The color of light is less important for sleep than previously thought. As a research team from the University of Basel shows in a new study, people sleep equally well regardless of whether they are exposed to yellow or blue light in the evening.

The starting point for the study published Friday in the journal ‘Nature Human Behavior’ was a 2019 study in mice. This suggested that yellowish light has a stronger influence on the internal clock than bluish light, according to Christine Blume of the University of Basel points out that research by the Keystone-SDA news agency has explained.

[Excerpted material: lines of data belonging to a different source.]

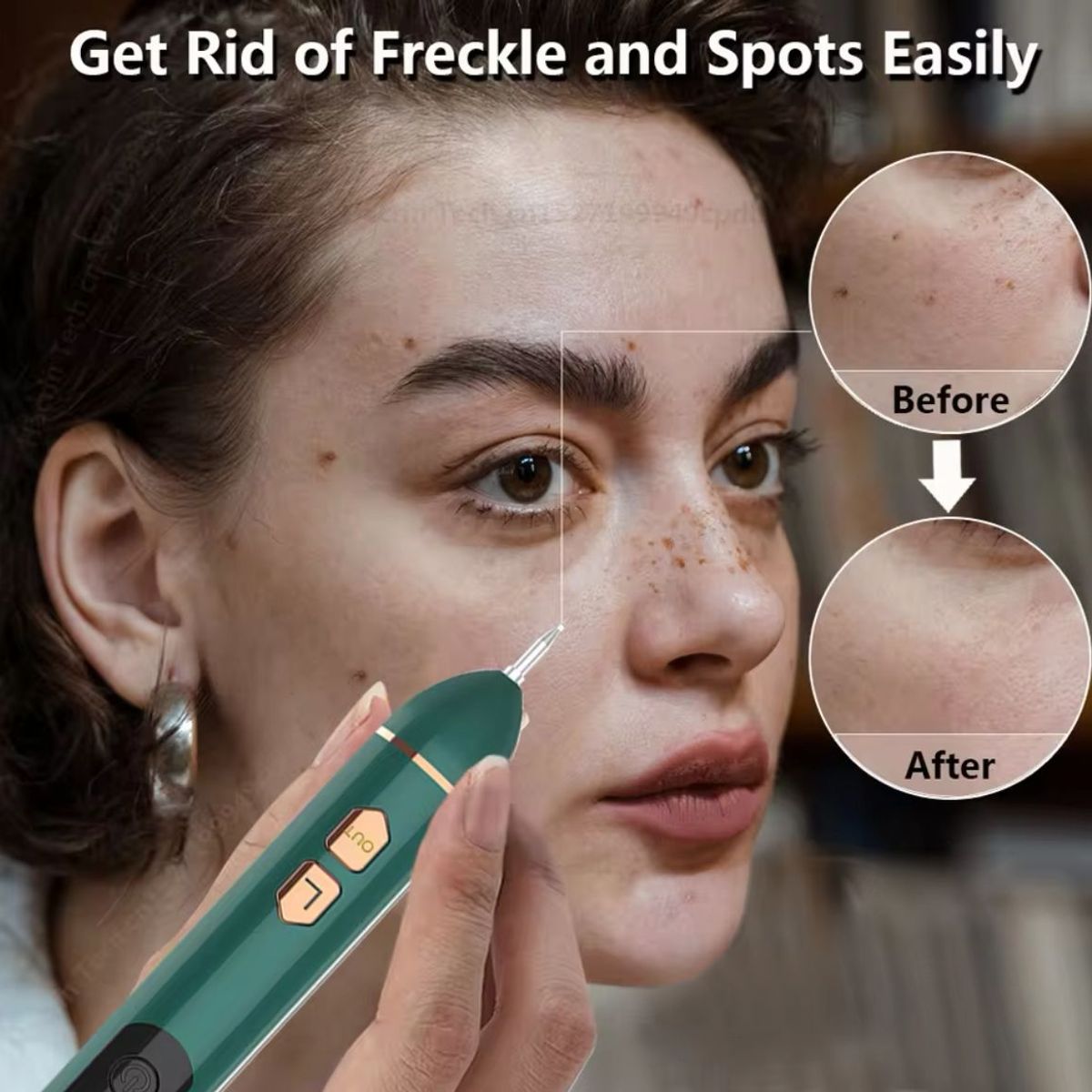 GENERICO - PLUMA LASER DE PLASMA  ELIMINA VERRUGAS COLOR VERDE_.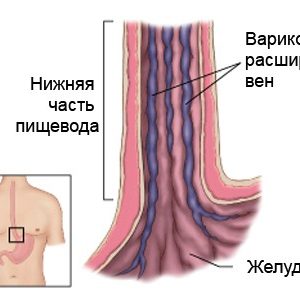 Лечение варикоза вен пищевода при циррозе печени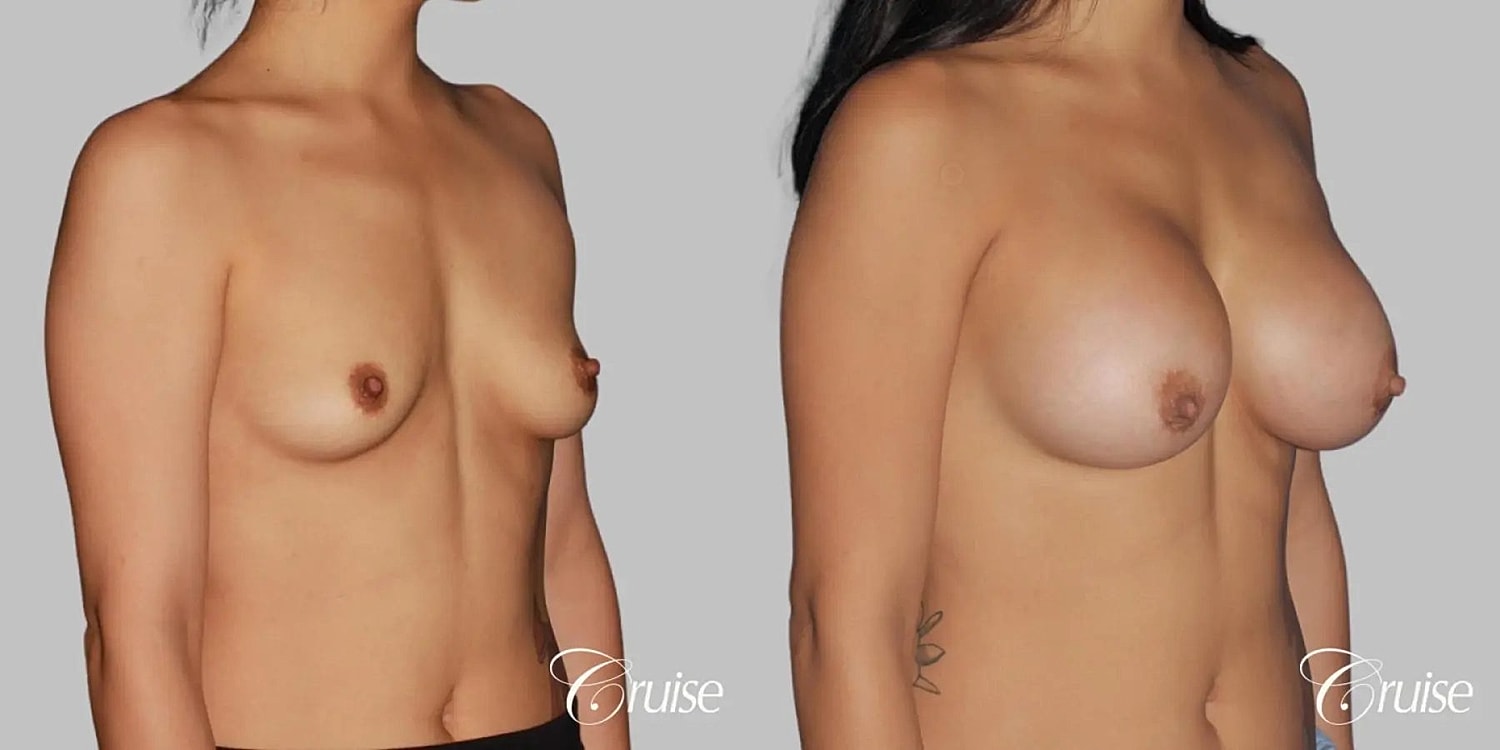 Breast Augmentation Before & After
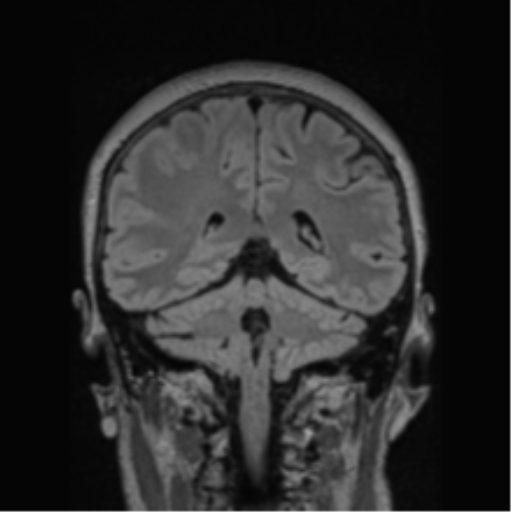 Cerebral abscess from pulmonary arteriovenous malformation (Radiopaedia 86275-102291 Coronal FLAIR 34).png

The results of this study four years ago led many to conclude that night mode on smartphones could have negative effects on sleep. This causes the colors of the display to appear yellowish. The new findings of the researchers from Basel contradict this.

But you could design smartphones’ night modes differently, Blume explains. According to Blume, changing the color spectrum would not be necessary. “That’s a side effect. Technologically speaking, it would be entirely possible to reduce the shortwave light component without color adjustment.” said the sleep researcher.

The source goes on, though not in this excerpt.